Ever since Steve Jobs released the first iPhone, smartphones have changed our course of life. More than two billion people around the world now have a screen at their fingertips. North American users spend around 3-5 hours per day looking at their phones on average. All this screen time comes with a cost, as experts are now uncovering the real damage they can do to our minds and relationships.
Danger of smartphones
First, smartphones impair our abilities to remember, daydream, and think creatively. They also take the same cognitive toll as losing a full night’s sleep, make us more prone to anxiety, and decrease family time.
In addition, smartphones have significantly decreased our attention spans. A recent Chinese study found that among 7,000 students, mobile phone ownership was “significantly associated” with levels of inattention seen in people with attention-deficit disorder.

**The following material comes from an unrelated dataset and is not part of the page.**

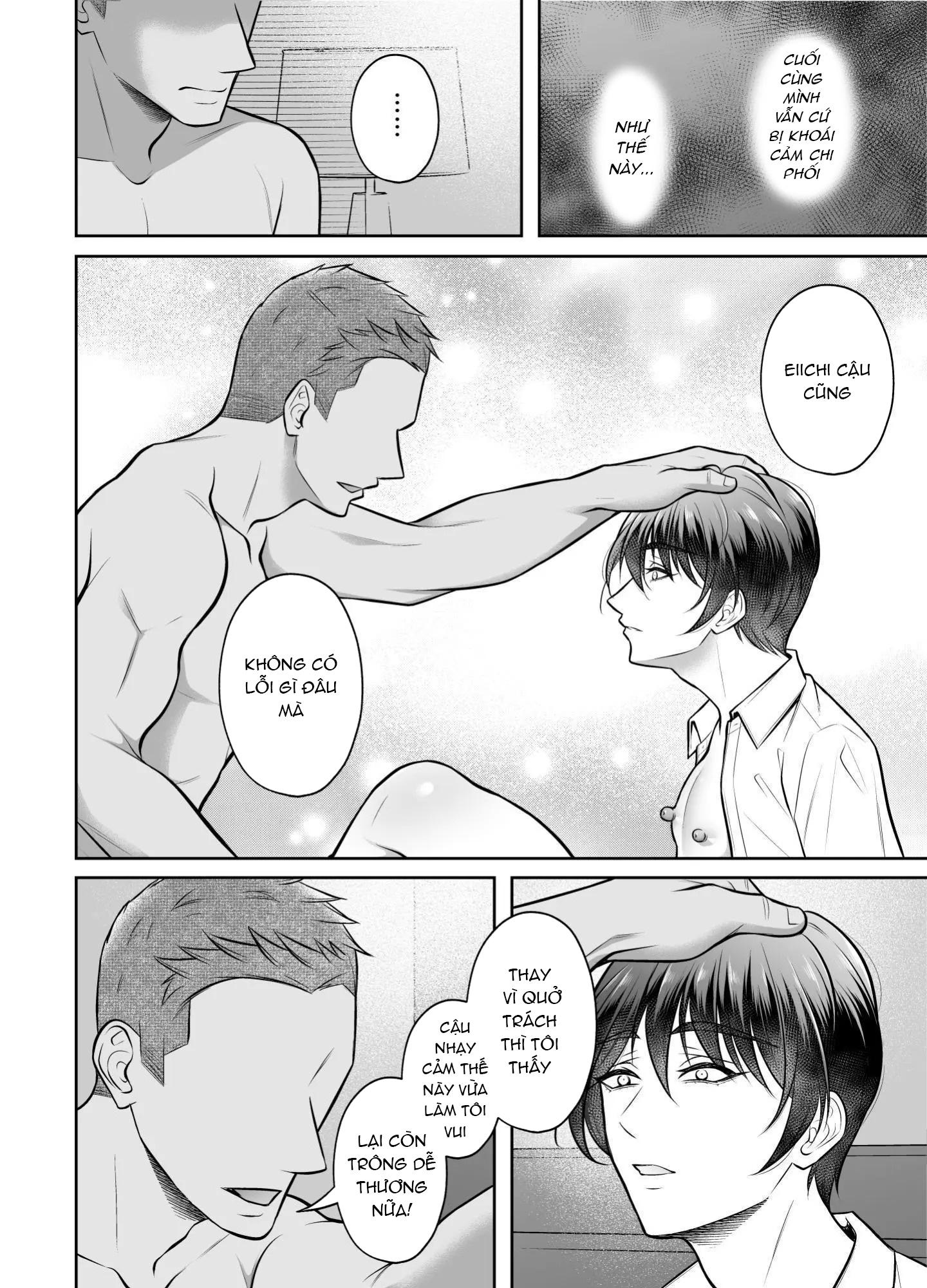 ONESHOT CHỊCH Chapter 290 - Trang 2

Starting this fall, France plans to ban mobile phones from all primary and secondary school, including during break times. Jean-Michel Blanquer, the French education minister, expressed his concern and desire to protect students from loss of concentration resulting from phones.
Designed to hook you in
Although previous generations have always been afraid of new media, Tristan Harris, former star product manager at Google, says that “it’s different this time” about smartphones. Phones travel everywhere with us, and pop-ups on our phones are designed to grab our eye wherever we are.

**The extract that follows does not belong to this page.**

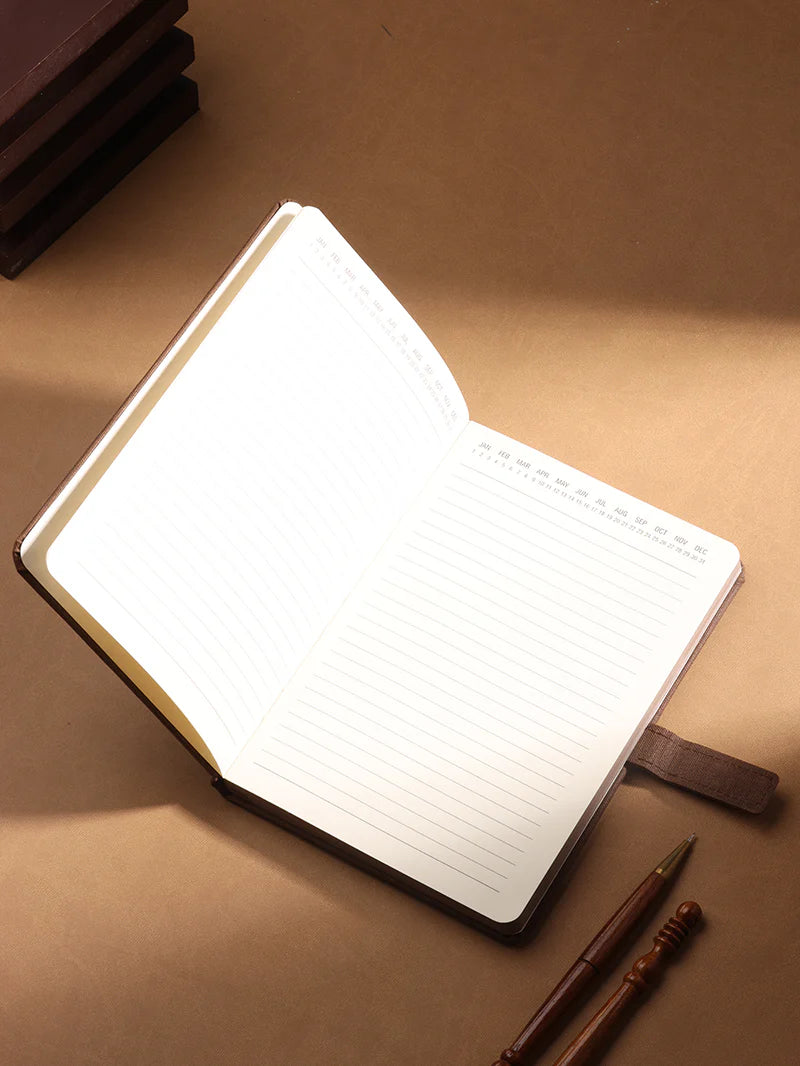 Magneto Spectrum Brown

In fact, Chris Marcellina, who helped develop the iPhone push notifications, stated that smartphones use the same neural pathways as gambling and drugs to hook people in. Sean Parker, ex-president of Facebook, also admitted that the Facebook software was designed to “hook users with spurts of dopamine”.

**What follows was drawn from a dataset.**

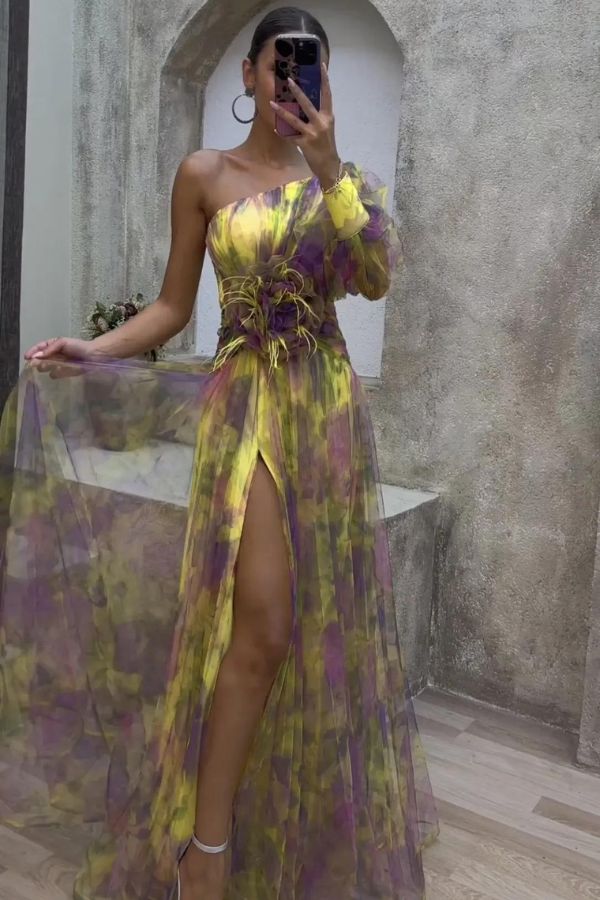 Fauna Kleid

It’s not just Facebook and iPhones that capitalize on human vulnerability. Social media companies everywhere are successfully exploiting human weaknesses to induce dependency on their products. One of these is the novelty bias: the attraction of our brains to new things. The novelty bias is built into our genetics; it helped our ancestors keep alert to red berries and howls of animals. However, because of this trait, we are now unable to ignore dings and buzzes from notifications.
Another human bias is the variable rewards principle, which predicts that people are more likely to seek out rewards if they are not sure how often they will be awarded. The easy refresh of the Facebook feed promises intermittent rewards at the flick of a thumb. Hence, users are prone to return to the app, refreshing for the chance of a like or a comment.
To conclude, Andrew-Gee states that the world is beginning to learn the lesson that phones are not just a harmless tool, and that they can keep us from being the best versions of ourselves.